Related Work & Insights¶
- ActiveNeRF (Pan et al., ECCV 2022): Introduces a variance-output head in NeRF for active view selection; a direct competitor.
- BayesRays (Goli et al., 2023): Quantifies NeRF uncertainty by assuming spatial perturbation fields; inapplicable to 3DGS.
- 3D Gaussian Splatting (Kerbl et al., 2023): FisherRF is implemented on top of this, exploiting its explicit parameterization to efficiently compute Fisher Information.
- SplaTAM (Keetha et al., 2023): A 3D-Gaussian-based SLAM system upon which FisherRF constructs its active mapping system.
- Kirsch & Gal, 2022: Unifies various deep active learning methods from the perspective of Fisher Information, providing the theoretical inspiration for FisherRF.
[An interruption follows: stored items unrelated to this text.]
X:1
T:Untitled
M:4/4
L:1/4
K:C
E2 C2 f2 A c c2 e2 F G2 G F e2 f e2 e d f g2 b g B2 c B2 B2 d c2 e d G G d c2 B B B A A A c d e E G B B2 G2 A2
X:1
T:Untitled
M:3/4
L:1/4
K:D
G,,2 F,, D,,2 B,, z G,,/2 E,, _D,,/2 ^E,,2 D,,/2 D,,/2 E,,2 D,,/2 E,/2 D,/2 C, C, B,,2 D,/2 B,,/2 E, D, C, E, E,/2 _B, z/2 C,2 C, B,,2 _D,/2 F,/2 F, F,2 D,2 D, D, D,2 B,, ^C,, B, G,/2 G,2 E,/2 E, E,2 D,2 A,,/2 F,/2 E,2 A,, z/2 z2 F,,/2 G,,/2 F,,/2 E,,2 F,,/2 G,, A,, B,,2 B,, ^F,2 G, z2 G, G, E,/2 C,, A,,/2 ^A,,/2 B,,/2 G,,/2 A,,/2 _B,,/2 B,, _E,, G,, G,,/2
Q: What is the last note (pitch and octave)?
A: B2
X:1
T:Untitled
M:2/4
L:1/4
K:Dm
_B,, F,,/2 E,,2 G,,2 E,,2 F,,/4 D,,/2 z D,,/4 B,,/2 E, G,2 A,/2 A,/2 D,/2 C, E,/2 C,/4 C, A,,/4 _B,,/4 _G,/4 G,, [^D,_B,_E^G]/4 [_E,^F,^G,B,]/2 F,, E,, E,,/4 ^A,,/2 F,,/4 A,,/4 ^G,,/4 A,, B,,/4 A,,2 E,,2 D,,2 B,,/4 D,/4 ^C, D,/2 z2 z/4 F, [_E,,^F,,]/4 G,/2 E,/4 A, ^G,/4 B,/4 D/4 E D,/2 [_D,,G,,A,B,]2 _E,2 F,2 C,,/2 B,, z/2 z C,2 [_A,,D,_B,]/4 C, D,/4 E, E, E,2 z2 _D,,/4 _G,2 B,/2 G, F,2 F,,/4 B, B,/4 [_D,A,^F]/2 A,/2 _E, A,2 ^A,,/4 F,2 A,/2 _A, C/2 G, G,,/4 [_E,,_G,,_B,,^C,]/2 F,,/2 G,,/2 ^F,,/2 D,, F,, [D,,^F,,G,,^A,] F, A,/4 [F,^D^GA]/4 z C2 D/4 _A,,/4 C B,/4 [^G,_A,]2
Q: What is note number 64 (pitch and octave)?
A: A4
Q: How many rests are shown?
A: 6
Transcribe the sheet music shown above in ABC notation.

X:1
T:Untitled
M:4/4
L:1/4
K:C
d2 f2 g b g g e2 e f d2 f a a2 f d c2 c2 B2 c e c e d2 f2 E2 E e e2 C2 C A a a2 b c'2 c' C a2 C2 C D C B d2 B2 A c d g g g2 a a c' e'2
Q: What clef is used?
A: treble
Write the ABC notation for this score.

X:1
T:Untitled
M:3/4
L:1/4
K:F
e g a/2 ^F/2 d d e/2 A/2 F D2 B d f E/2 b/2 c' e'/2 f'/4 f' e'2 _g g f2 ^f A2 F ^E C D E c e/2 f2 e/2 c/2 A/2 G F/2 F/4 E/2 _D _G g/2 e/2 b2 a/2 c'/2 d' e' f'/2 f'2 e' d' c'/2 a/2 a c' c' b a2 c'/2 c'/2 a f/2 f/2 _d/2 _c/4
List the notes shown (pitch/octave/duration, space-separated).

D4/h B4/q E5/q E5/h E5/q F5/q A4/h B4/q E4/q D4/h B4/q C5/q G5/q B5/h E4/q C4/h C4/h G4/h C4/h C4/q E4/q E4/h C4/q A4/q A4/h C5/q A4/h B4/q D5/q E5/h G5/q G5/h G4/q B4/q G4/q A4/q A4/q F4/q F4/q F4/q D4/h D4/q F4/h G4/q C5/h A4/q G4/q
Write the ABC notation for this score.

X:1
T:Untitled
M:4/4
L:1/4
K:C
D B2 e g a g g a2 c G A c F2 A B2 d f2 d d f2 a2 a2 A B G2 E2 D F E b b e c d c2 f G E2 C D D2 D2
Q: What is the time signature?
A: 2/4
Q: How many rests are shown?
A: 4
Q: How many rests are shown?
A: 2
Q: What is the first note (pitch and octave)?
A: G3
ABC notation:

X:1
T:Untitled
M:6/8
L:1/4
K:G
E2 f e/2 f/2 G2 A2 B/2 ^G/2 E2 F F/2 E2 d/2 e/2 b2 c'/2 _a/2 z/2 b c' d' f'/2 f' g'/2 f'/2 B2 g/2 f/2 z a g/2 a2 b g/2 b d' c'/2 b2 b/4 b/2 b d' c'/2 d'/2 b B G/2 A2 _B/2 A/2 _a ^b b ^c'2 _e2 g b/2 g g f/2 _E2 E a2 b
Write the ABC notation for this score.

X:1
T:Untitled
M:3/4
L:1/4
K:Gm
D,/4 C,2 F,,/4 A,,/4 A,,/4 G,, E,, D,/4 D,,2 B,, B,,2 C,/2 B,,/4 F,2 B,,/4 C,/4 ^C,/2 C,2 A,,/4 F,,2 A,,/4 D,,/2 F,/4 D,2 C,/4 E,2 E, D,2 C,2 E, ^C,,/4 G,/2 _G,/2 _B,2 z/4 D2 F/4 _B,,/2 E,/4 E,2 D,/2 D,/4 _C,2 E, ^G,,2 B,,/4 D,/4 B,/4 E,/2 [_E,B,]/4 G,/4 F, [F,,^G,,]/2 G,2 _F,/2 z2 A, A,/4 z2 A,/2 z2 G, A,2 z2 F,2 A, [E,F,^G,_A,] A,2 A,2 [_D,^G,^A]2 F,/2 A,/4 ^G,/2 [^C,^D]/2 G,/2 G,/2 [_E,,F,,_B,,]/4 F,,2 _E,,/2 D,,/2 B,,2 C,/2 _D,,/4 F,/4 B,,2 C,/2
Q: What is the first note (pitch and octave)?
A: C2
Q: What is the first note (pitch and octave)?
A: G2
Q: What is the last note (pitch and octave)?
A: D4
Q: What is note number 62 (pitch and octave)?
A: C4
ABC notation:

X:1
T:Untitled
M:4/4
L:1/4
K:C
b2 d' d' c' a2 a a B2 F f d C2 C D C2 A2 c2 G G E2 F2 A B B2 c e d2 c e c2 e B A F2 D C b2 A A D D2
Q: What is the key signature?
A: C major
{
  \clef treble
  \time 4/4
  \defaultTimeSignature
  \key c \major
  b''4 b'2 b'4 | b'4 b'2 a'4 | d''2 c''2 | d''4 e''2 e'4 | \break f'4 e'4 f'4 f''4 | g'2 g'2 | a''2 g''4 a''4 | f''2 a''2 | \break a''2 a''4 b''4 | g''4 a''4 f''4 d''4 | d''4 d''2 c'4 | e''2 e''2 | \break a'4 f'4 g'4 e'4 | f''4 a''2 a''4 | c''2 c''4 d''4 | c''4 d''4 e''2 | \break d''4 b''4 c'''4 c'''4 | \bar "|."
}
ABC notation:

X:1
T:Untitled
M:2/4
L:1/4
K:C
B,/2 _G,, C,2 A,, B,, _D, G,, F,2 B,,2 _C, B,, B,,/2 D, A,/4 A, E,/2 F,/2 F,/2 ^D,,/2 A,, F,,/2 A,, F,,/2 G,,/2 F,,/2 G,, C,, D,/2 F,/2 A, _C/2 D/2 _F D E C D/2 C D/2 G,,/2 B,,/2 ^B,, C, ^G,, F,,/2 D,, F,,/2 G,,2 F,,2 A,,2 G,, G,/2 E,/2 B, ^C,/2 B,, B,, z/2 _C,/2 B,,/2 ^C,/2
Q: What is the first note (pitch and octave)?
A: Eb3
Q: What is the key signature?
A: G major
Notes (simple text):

- Insight: Fisher Information as a parameter-level information metric holds great potential to play a larger role in other vision tasks requiring active data acquisition (e.g., active SLAM, robotic exploration).
Rating¶
- Novelty: ⭐⭐⭐⭐⭐ First to directly apply Fisher Information to parameter-level information quantification in radiance fields, offering an elegant and complete theoretical framework.
- Experimental Thoroughness: ⭐⭐⭐⭐⭐ Extensive evaluation across three tasks, five datasets, and multiple radiance field backends, complete with thorough ablation studies.
- Writing Quality: ⭐⭐⭐⭐ Clear theoretical derivations with structurally logical sequencing from motivation to methodology and experiments.
- Value: ⭐⭐⭐⭐⭐ Lays down both theoretical foundations and efficient implementations for active learning in radiance fields; the multi-task framework possesses substantial potential for broader applications.